Bölüm Şarkısı: Erol Evgin ~İşte Öyle Bir Şey
Yorumlarınızı eksik etmeyiniz, iyi okumalar!
Bölüm 11: Reisler de Sever
2000 ~Bir Dostun Pişman Bakışında Sonbahar~
Hani eski bir resme bakarken
Hani yılları sayar da insan
Hani gözleri dolar ya birden
İşte öyle bir şey
İşte öyle bir şey...İnsanoğlu acıyı çektiği kadar unutmaya da meyilliydi. O an acıdan kıvranırken bile, daha sonrasında o günü izlerle anacak olsa dahi ertesi güne hiç yara almamış gibi o mezardan çıkabilirdi. Hayatın birçok noktasında acıyı iliklerimize kadar yaşayıp hissederken ardından bize sunulan bir bardak suyla bile çektiğimiz acıyı unutmaya hazırdık.
Acı, göğsüme yuva kurmuş bir serçe kuşu olmasına rağmen, şu mahallede attığım her adımda geçmişin acısı uyanıyor olsa da işte burası benim en büyük tutsaklığımdı. Şu mahallenin başına ne zaman gelsem adımlarım sekteye uğrar ve öylece sokağa bakakalırdım. Bazenleri insanlarla dolup taşarken bazen de bir o kadar ıssız olurdu tıpkı şimdi olduğu gibi. Fakat ben durup şu mahalleye baktığımda taşlarını, ağaçlarını, binalarını, dükkanlarını görmüyordum yalnızca; geçmişimin kalıcı izlerini de görüyordum. Mesela ilk adımımı attığım vakit ki çekincem bana evimin önünden el sallıyordu. Ya da okula gitmek için kapının önünde bekleyen liseli Müjgan'ı görüyordum. Pencereden, çarprazdaki binaya doğru aşığına bakan sevdalı Müjgan'ı görüyordum. Sokaklarda deli deli koşturan dört yakın arkadaşı anıyordum.
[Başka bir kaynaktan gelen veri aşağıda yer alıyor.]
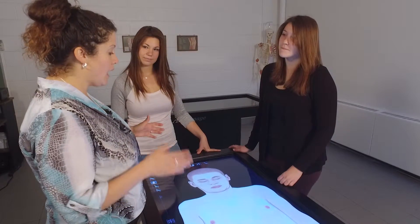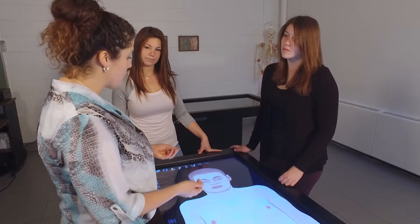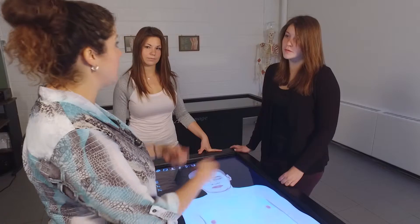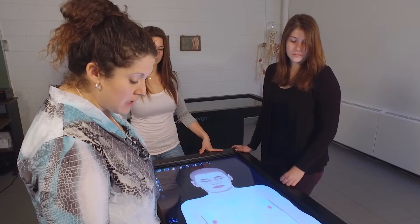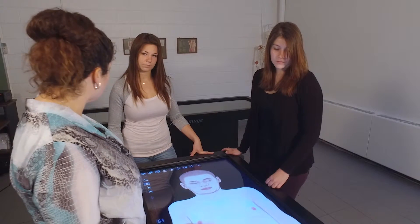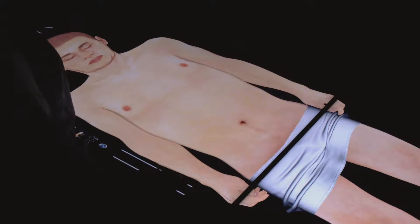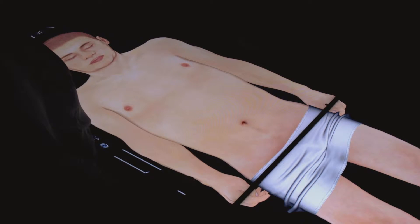If you were using actual real human cadavers, we would have to go through the process of manually removing the skin. Now with this technology, with just a touch of a finger and sliding a little bar, you can actually remove the skin in one swipe and see the anatomy underneath.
Sevdiği oğlanla kahkahalarla yürüdüğü o anlara buruk gözlerle bakıyordum. Mahalleliyle yapılan etkinlikler hatrıma düşüyordu. Şimdi siz söyleyin acısı kadar mutluluğu da iliklerime kadar hissettiğim bu yerden ben nasıl gidebilirdim ki? Ben gitsem hatıralar yine burayı benimle getirirdi ve gittiğimde buranın yarası daha da acımasız olurdu.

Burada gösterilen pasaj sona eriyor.